» **INPUT RECORDS**:
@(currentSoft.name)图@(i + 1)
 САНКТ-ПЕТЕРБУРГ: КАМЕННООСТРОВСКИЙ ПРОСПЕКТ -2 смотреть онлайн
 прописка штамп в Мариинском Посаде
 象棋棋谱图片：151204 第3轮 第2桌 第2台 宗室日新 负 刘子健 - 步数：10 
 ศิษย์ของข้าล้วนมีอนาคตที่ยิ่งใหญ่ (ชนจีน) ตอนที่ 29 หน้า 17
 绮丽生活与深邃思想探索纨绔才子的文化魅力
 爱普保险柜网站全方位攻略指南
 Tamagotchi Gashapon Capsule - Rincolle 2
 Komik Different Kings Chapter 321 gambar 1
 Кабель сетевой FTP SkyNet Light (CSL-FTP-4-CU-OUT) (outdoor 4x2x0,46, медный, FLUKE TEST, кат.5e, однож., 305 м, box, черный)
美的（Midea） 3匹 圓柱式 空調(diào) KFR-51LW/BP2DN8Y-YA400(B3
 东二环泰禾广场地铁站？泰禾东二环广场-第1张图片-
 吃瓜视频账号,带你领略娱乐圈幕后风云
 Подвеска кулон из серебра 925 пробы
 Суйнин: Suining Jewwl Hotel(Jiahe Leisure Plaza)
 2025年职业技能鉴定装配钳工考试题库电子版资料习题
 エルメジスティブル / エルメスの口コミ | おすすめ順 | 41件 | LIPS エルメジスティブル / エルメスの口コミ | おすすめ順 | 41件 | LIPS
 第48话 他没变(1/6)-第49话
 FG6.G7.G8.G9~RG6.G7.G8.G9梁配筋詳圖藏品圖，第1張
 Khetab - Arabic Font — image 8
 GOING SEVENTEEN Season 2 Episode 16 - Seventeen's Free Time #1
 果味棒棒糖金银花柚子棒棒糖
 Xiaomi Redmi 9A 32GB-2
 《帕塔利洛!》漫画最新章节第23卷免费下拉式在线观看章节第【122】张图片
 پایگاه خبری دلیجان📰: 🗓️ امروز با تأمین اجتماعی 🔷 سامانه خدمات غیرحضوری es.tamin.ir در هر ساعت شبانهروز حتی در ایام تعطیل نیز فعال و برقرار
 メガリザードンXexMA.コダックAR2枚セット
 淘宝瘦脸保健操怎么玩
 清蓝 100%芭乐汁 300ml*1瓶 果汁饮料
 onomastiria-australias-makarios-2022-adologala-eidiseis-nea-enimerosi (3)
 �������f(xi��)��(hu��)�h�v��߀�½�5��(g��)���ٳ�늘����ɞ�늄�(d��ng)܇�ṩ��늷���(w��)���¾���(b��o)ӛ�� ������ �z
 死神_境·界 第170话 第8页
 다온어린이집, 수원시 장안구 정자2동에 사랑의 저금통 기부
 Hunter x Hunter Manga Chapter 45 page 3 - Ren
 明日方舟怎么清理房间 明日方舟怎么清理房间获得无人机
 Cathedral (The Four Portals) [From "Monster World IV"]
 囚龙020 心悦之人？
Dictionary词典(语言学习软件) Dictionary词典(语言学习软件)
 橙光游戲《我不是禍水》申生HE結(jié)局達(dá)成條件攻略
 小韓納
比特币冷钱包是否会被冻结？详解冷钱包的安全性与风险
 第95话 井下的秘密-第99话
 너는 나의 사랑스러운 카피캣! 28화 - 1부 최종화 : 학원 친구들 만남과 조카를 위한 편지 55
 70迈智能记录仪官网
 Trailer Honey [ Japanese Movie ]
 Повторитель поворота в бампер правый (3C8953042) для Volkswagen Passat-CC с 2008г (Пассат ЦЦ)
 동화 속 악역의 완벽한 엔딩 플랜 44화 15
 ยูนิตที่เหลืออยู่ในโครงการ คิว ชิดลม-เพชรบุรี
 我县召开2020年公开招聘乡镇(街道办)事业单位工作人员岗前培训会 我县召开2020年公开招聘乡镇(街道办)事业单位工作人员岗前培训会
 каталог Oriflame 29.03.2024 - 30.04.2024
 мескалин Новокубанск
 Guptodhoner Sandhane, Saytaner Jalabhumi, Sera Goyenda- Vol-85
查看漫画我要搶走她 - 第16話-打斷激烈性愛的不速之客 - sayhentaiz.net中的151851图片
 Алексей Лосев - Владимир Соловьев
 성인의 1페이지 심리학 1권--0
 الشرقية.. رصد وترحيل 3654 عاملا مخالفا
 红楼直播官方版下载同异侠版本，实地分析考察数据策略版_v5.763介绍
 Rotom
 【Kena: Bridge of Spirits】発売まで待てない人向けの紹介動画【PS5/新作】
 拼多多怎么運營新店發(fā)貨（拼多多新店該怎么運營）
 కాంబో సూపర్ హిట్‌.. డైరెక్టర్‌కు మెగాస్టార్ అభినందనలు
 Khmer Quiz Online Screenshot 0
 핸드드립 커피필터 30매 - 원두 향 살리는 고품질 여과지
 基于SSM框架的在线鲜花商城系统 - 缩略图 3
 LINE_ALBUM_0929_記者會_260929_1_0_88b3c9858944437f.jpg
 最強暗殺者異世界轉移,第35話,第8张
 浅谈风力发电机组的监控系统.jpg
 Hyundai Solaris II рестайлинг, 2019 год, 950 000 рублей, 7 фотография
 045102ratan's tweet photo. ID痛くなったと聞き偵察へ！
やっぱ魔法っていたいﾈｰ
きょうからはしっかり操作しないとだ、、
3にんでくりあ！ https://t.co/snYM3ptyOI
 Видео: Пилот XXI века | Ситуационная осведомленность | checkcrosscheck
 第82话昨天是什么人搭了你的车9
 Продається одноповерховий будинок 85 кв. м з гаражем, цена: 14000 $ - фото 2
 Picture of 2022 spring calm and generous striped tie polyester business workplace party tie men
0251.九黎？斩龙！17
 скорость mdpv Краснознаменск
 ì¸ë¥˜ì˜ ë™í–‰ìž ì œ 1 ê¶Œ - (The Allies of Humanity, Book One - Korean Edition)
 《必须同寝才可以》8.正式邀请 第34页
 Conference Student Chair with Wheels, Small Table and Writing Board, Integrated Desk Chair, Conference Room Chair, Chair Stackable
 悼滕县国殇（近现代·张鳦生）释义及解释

» **REQUIREMENT**:
Please transcribe, exactly and with nothing added, the lines from the first line of the material above through the line that contains "囚龙020 心悦之人？".

» **PROBLEM SOLUTION**:
@(currentSoft.name)图@(i + 1)
 САНКТ-ПЕТЕРБУРГ: КАМЕННООСТРОВСКИЙ ПРОСПЕКТ -2 смотреть онлайн
 прописка штамп в Мариинском Посаде
 象棋棋谱图片：151204 第3轮 第2桌 第2台 宗室日新 负 刘子健 - 步数：10 
 ศิษย์ของข้าล้วนมีอนาคตที่ยิ่งใหญ่ (ชนจีน) ตอนที่ 29 หน้า 17
 绮丽生活与深邃思想探索纨绔才子的文化魅力
 爱普保险柜网站全方位攻略指南
 Tamagotchi Gashapon Capsule - Rincolle 2
 Komik Different Kings Chapter 321 gambar 1
 Кабель сетевой FTP SkyNet Light (CSL-FTP-4-CU-OUT) (outdoor 4x2x0,46, медный, FLUKE TEST, кат.5e, однож., 305 м, box, черный)
美的（Midea） 3匹 圓柱式 空調(diào) KFR-51LW/BP2DN8Y-YA400(B3
 东二环泰禾广场地铁站？泰禾东二环广场-第1张图片-
 吃瓜视频账号,带你领略娱乐圈幕后风云
 Подвеска кулон из серебра 925 пробы
 Суйнин: Suining Jewwl Hotel(Jiahe Leisure Plaza)
 2025年职业技能鉴定装配钳工考试题库电子版资料习题
 エルメジスティブル / エルメスの口コミ | おすすめ順 | 41件 | LIPS エルメジスティブル / エルメスの口コミ | おすすめ順 | 41件 | LIPS
 第48话 他没变(1/6)-第49话
 FG6.G7.G8.G9~RG6.G7.G8.G9梁配筋詳圖藏品圖，第1張
 Khetab - Arabic Font — image 8
 GOING SEVENTEEN Season 2 Episode 16 - Seventeen's Free Time #1
 果味棒棒糖金银花柚子棒棒糖
 Xiaomi Redmi 9A 32GB-2
 《帕塔利洛!》漫画最新章节第23卷免费下拉式在线观看章节第【122】张图片
 پایگاه خبری دلیجان📰: 🗓️ امروز با تأمین اجتماعی 🔷 سامانه خدمات غیرحضوری es.tamin.ir در هر ساعت شبانهروز حتی در ایام تعطیل نیز فعال و برقرار
 メガリザードンXexMA.コダックAR2枚セット
 淘宝瘦脸保健操怎么玩
 清蓝 100%芭乐汁 300ml*1瓶 果汁饮料
 onomastiria-australias-makarios-2022-adologala-eidiseis-nea-enimerosi (3)
 �������f(xi��)��(hu��)�h�v��߀�½�5��(g��)���ٳ�늘����ɞ�늄�(d��ng)܇�ṩ��늷���(w��)���¾���(b��o)ӛ�� ������ �z
 死神_境·界 第170话 第8页
 다온어린이집, 수원시 장안구 정자2동에 사랑의 저금통 기부
 Hunter x Hunter Manga Chapter 45 page 3 - Ren
 明日方舟怎么清理房间 明日方舟怎么清理房间获得无人机
 Cathedral (The Four Portals) [From "Monster World IV"]
 囚龙020 心悦之人？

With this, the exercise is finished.